Dans cette série d'articles nous allons reproduire le déroulement de la vie d'un Malgré-nous alsacien. André VOEGEL est né à Valff le 27 septembre 1925. A l'aube de cette deuxième guerre mondiale nous allons découvrir les dessous d'une jeunesse sacrifiée, la lutte pour la survie et la vanité d'une guerre imposée. Suivons son parcours relaté dans son cahier de mémoires. 

Photo souvenir de conscription : André VOEGEL est dans la rangée du haut, 1er à droite. Le bonheur avant la tempête !

1939, année d'insouciance

Le RAD : la bourrasque avant la tempête

Le recensement de ma classe 1925 se fit fin juillet 1942 à Sélestat. Objectif : une incorporation au RAD (Reichsarbeitdienst = travaux d'Intérêts pour le Reich) pour début 43. Par suite d'une circonstance particulière, mon incorporation fut différée au 24 novembre 1943. Une fille de Barr, employée au secrétariat du bureau de recrutement de Sélestat avait tout simplement « oublié » d'écrire mon nom dans les délais prévus. Le service rendu par la fille en question fut compensé par des dons en nature : lard, poules, œufs, beurre que mes parents offrirent volontiers.
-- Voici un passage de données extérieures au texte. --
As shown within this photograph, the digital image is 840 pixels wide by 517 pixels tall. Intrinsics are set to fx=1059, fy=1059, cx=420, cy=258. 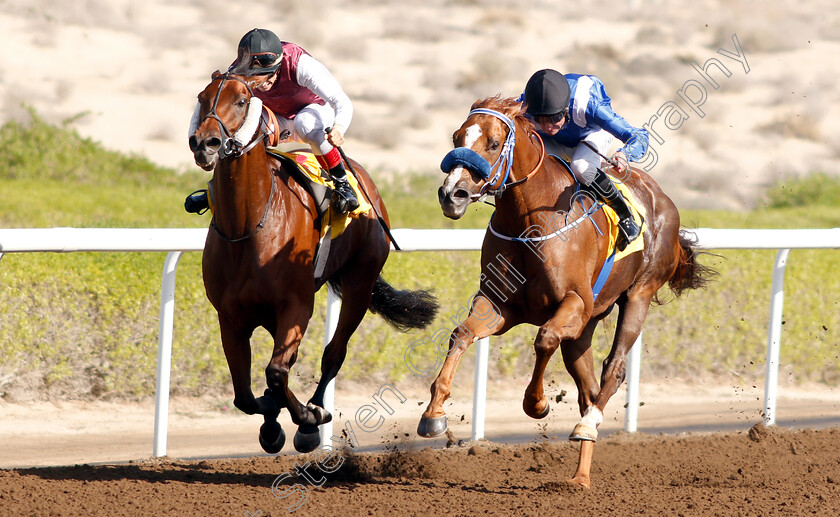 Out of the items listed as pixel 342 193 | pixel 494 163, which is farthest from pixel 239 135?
pixel 494 163

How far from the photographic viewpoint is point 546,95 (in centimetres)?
438

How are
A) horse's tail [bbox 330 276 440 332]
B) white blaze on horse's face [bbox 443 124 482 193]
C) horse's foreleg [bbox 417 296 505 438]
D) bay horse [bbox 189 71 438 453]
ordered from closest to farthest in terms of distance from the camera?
white blaze on horse's face [bbox 443 124 482 193] < horse's foreleg [bbox 417 296 505 438] < bay horse [bbox 189 71 438 453] < horse's tail [bbox 330 276 440 332]

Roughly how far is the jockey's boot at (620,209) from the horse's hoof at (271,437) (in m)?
1.70

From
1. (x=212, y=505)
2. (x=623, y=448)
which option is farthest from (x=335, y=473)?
(x=623, y=448)

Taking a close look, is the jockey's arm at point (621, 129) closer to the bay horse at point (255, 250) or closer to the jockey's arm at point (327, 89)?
the jockey's arm at point (327, 89)

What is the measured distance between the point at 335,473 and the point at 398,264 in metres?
2.52

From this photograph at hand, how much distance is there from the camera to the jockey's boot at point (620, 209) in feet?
15.3

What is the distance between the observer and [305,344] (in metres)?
6.46

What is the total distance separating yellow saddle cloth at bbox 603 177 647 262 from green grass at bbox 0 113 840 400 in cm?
194

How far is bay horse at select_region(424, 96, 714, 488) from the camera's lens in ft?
12.9

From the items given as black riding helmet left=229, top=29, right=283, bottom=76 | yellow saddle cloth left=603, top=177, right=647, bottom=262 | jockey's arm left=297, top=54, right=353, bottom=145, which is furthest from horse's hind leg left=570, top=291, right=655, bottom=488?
black riding helmet left=229, top=29, right=283, bottom=76

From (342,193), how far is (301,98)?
1.53ft

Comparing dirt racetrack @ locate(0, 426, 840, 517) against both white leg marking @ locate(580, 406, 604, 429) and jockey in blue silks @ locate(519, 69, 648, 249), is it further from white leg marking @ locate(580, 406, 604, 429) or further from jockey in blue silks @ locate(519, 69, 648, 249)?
jockey in blue silks @ locate(519, 69, 648, 249)

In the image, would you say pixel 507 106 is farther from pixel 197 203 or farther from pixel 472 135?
pixel 197 203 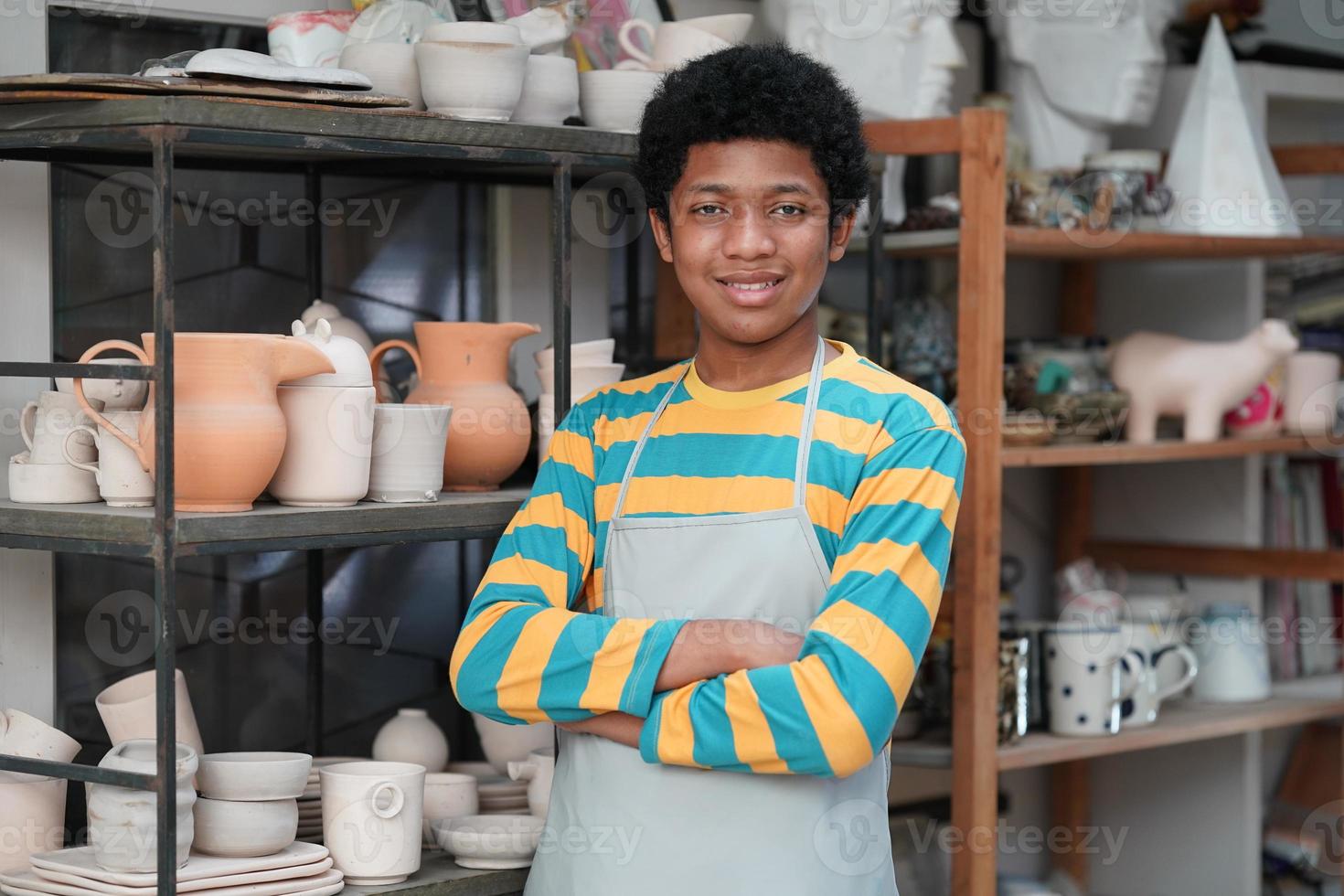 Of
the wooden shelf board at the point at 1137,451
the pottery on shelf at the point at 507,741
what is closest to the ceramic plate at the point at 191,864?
the pottery on shelf at the point at 507,741

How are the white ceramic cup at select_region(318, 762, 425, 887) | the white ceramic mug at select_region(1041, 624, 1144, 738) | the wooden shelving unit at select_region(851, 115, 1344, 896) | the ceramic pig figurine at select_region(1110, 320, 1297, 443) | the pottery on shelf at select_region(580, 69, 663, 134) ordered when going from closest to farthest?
the white ceramic cup at select_region(318, 762, 425, 887)
the pottery on shelf at select_region(580, 69, 663, 134)
the wooden shelving unit at select_region(851, 115, 1344, 896)
the white ceramic mug at select_region(1041, 624, 1144, 738)
the ceramic pig figurine at select_region(1110, 320, 1297, 443)

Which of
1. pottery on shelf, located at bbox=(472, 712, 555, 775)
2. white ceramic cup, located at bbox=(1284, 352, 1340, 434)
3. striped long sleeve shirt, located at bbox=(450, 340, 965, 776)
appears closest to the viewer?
striped long sleeve shirt, located at bbox=(450, 340, 965, 776)

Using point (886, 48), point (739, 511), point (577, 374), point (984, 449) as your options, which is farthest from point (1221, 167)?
point (739, 511)

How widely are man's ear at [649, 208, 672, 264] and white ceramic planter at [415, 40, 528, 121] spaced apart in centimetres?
28

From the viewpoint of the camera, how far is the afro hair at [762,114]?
5.35 feet

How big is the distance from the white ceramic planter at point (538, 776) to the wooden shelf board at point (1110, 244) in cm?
100

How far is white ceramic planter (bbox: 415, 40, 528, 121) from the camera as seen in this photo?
6.28 ft

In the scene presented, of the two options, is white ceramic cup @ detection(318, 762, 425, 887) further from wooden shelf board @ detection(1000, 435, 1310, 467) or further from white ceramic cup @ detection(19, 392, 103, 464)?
wooden shelf board @ detection(1000, 435, 1310, 467)

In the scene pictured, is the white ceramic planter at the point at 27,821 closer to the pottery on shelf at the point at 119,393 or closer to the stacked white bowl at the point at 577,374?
the pottery on shelf at the point at 119,393

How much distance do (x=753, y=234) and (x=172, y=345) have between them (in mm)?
600

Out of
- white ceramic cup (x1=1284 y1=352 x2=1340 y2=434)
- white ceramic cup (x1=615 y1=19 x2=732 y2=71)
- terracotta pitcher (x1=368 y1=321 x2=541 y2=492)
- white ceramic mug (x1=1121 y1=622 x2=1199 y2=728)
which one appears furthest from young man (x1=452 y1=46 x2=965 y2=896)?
white ceramic cup (x1=1284 y1=352 x2=1340 y2=434)

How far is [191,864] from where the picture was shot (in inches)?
69.4

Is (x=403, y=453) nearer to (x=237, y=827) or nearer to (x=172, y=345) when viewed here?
(x=172, y=345)

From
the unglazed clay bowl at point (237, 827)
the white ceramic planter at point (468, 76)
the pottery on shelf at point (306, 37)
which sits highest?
the pottery on shelf at point (306, 37) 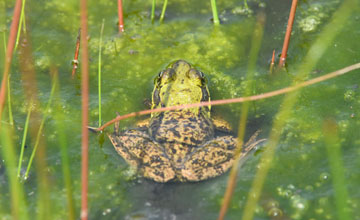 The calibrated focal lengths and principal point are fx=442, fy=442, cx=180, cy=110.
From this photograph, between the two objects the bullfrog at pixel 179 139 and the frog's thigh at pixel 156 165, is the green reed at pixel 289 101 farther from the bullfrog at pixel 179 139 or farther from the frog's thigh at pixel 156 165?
the frog's thigh at pixel 156 165

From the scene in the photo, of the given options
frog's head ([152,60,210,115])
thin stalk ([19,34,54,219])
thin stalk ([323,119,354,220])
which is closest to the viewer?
thin stalk ([323,119,354,220])

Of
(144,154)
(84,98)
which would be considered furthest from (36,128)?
(84,98)

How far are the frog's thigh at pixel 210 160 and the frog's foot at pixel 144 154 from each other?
0.40 feet

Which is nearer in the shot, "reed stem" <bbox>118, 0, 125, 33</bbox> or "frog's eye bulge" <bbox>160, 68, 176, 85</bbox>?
"frog's eye bulge" <bbox>160, 68, 176, 85</bbox>

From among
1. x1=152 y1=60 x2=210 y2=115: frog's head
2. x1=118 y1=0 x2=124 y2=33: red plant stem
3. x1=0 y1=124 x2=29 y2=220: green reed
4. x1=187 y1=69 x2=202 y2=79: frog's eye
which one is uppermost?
x1=118 y1=0 x2=124 y2=33: red plant stem

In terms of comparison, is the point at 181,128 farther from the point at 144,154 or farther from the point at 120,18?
the point at 120,18

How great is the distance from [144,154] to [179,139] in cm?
26

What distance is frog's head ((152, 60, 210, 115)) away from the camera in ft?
10.9

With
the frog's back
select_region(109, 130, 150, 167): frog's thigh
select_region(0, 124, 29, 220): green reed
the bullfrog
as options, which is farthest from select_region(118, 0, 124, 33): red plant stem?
select_region(0, 124, 29, 220): green reed

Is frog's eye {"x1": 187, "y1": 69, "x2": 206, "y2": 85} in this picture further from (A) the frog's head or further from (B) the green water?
(B) the green water

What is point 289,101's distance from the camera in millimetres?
3244

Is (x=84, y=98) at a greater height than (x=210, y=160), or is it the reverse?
(x=84, y=98)

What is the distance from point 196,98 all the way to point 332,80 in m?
1.04

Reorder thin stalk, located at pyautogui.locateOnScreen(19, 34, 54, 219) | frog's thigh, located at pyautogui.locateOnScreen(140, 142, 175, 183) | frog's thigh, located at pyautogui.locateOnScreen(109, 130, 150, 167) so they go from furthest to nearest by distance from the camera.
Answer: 1. frog's thigh, located at pyautogui.locateOnScreen(109, 130, 150, 167)
2. frog's thigh, located at pyautogui.locateOnScreen(140, 142, 175, 183)
3. thin stalk, located at pyautogui.locateOnScreen(19, 34, 54, 219) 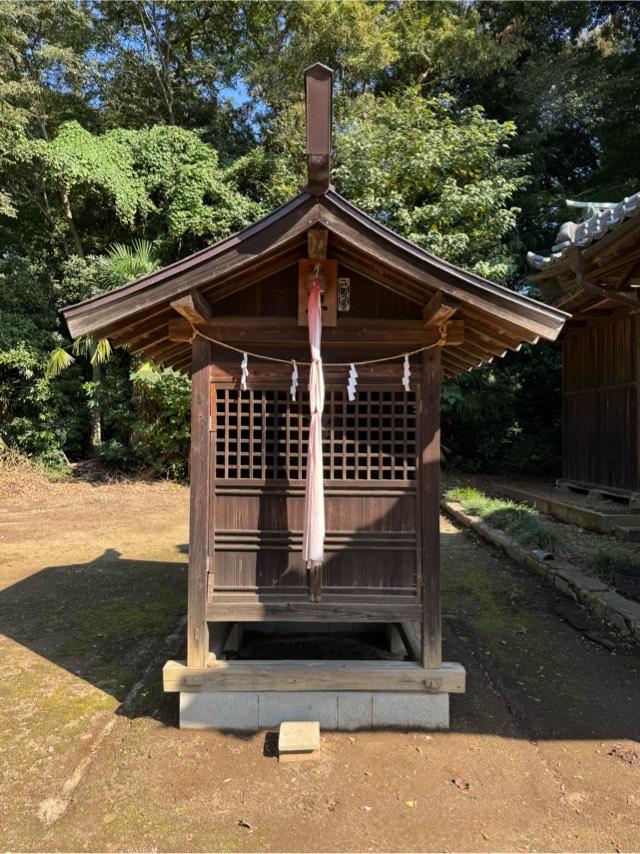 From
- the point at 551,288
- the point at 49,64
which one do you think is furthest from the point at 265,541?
the point at 49,64

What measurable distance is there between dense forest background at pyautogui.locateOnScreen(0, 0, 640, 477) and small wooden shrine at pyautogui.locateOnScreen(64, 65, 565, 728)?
10.3 metres

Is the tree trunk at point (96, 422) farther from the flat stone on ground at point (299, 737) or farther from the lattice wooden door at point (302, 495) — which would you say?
the flat stone on ground at point (299, 737)

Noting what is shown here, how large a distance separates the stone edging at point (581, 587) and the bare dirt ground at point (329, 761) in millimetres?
218

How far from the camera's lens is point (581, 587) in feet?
19.4

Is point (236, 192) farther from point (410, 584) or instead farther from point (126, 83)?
point (410, 584)

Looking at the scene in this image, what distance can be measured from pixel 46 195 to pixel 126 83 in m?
4.43

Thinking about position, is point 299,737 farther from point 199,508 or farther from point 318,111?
point 318,111

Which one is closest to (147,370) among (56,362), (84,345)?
(84,345)

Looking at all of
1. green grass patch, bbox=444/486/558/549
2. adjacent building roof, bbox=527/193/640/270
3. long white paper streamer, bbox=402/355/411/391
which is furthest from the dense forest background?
long white paper streamer, bbox=402/355/411/391

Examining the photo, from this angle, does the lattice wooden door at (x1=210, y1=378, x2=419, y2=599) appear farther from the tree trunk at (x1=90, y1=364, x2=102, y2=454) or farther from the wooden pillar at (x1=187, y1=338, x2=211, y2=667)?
the tree trunk at (x1=90, y1=364, x2=102, y2=454)

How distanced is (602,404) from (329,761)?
28.9 feet

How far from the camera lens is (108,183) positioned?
1442 centimetres

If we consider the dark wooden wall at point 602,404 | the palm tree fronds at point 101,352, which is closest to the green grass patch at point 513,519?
the dark wooden wall at point 602,404

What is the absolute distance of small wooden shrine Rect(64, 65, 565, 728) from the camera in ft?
12.0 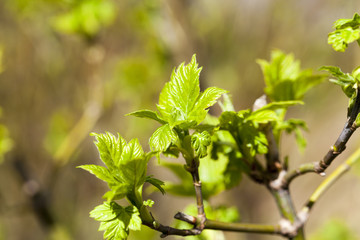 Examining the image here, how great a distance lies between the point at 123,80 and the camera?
206 centimetres

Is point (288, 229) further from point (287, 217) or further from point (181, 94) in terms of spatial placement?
point (181, 94)

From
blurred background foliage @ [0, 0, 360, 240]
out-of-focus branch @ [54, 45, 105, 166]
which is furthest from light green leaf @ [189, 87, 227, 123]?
out-of-focus branch @ [54, 45, 105, 166]

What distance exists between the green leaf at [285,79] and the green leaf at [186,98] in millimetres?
213

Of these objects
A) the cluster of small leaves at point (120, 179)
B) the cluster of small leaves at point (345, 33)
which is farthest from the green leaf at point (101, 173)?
the cluster of small leaves at point (345, 33)

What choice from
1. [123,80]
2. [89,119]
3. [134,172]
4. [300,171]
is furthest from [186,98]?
[123,80]

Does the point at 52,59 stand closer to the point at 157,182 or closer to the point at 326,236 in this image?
the point at 326,236

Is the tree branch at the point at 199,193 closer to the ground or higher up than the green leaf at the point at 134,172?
closer to the ground

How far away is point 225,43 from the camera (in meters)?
2.86

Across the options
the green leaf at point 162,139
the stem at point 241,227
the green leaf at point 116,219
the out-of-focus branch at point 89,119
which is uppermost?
the out-of-focus branch at point 89,119

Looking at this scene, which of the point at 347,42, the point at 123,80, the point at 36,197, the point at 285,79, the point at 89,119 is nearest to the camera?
the point at 347,42

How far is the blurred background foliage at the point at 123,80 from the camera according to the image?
1477 millimetres

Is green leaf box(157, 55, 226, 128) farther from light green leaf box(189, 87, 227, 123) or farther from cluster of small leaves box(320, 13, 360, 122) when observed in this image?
cluster of small leaves box(320, 13, 360, 122)

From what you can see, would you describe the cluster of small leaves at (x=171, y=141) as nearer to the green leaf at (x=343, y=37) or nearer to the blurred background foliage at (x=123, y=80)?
the green leaf at (x=343, y=37)

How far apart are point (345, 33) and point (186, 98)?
0.22m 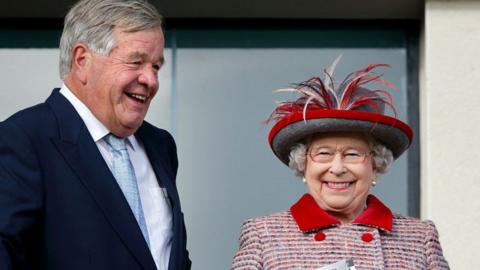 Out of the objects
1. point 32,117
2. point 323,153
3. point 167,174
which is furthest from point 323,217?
point 32,117

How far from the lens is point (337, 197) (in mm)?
4598

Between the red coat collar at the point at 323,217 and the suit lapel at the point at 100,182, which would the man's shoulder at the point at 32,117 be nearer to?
the suit lapel at the point at 100,182

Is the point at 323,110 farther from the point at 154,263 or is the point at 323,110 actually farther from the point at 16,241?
the point at 16,241

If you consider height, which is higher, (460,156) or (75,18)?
(75,18)

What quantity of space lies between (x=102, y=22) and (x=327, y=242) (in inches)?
38.7

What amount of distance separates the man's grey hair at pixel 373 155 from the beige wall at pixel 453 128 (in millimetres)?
1662

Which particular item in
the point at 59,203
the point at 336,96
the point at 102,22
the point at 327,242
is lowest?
the point at 327,242

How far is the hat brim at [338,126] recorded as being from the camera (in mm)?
4566

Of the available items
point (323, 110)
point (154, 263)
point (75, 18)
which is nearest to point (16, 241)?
point (154, 263)

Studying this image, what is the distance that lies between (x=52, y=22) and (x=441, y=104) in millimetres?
1847

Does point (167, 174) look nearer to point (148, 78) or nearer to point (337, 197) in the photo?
point (148, 78)

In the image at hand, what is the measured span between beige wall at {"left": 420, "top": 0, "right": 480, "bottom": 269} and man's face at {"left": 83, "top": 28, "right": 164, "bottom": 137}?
7.12 ft

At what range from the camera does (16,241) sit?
4156 millimetres

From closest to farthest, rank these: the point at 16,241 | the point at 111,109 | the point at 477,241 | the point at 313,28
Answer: the point at 16,241 → the point at 111,109 → the point at 477,241 → the point at 313,28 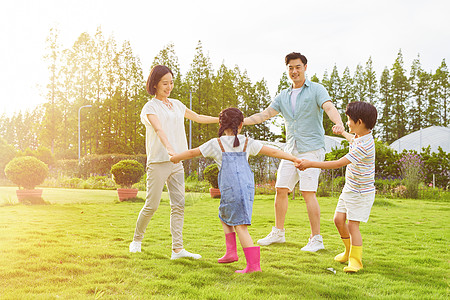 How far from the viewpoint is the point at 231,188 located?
11.0 feet

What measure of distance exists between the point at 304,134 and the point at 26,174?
8940 mm

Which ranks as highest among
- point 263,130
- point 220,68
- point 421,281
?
point 220,68

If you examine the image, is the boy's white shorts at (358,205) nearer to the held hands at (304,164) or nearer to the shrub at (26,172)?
the held hands at (304,164)

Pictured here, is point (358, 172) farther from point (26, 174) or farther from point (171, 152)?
point (26, 174)

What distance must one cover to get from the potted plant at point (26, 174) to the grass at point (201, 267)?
4850 millimetres

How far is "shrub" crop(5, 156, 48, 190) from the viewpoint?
10.7 meters

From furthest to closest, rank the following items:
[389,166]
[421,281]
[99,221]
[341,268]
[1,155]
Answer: [1,155] < [389,166] < [99,221] < [341,268] < [421,281]

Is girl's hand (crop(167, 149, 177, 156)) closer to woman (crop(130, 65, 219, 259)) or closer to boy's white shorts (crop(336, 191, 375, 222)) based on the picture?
woman (crop(130, 65, 219, 259))

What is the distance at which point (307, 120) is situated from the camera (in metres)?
4.49

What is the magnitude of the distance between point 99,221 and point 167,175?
3820 millimetres

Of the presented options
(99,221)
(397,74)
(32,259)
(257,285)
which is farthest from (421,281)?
(397,74)

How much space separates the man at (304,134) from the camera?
438 centimetres

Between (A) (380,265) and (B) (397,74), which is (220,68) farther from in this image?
(A) (380,265)

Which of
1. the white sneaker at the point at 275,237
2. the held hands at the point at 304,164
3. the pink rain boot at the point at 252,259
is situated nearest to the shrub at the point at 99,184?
the white sneaker at the point at 275,237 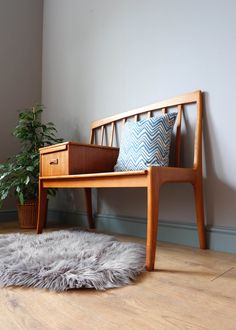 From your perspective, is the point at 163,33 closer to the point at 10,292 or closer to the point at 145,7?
the point at 145,7

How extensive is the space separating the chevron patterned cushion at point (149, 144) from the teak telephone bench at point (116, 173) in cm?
7

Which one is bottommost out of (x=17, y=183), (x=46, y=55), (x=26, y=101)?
(x=17, y=183)

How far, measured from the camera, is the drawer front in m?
1.39

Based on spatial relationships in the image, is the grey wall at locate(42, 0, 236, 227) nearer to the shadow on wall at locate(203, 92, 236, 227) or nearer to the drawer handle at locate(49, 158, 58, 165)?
the shadow on wall at locate(203, 92, 236, 227)

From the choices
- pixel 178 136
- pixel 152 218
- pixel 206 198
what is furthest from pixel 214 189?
pixel 152 218

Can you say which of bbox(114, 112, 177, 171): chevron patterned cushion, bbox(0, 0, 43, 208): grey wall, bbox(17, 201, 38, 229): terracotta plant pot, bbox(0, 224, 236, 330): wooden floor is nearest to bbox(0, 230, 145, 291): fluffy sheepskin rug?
bbox(0, 224, 236, 330): wooden floor

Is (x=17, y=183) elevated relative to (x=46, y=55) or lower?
lower

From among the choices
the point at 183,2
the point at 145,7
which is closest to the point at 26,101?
the point at 145,7

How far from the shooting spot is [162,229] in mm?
1424

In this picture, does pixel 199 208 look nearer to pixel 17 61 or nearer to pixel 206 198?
pixel 206 198

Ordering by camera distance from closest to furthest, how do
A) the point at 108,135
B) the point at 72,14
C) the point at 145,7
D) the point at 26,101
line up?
the point at 145,7 < the point at 108,135 < the point at 72,14 < the point at 26,101

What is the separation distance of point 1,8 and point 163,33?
1444 millimetres

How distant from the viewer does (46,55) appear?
2416mm

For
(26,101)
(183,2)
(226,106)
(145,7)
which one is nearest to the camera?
(226,106)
Tout s'achetait pendant la guerre, même un report d'incorporation ...

Les jeunes allemands étaient astreints à ce service dès 1935. Le RAD était une organisation paramilitaire dans laquelle les jeunes alsaciens furent incorporés par ordre d'appel comme l'incorporation dans la Wehrmacht. Les appelés portaient un uniforme brun. Ils n'avaient ni arme, ni casque, mais étaient dotés d'une bêche. On nous apprenait à manier cette bêche comme un fusil et rendre les honneurs. L'emblème du RAD était dérivé du drapeau nazi, mais sur la croix gammée était ajoutée une pelle entourée de deux épis de blé. Le RAD devait servir théoriquement à divers fins : participation aux récoltes, travaux publics, construction d'autoroutes, mais également l'instruction militaire. Il était soumis à un régime disciplinaire militaire.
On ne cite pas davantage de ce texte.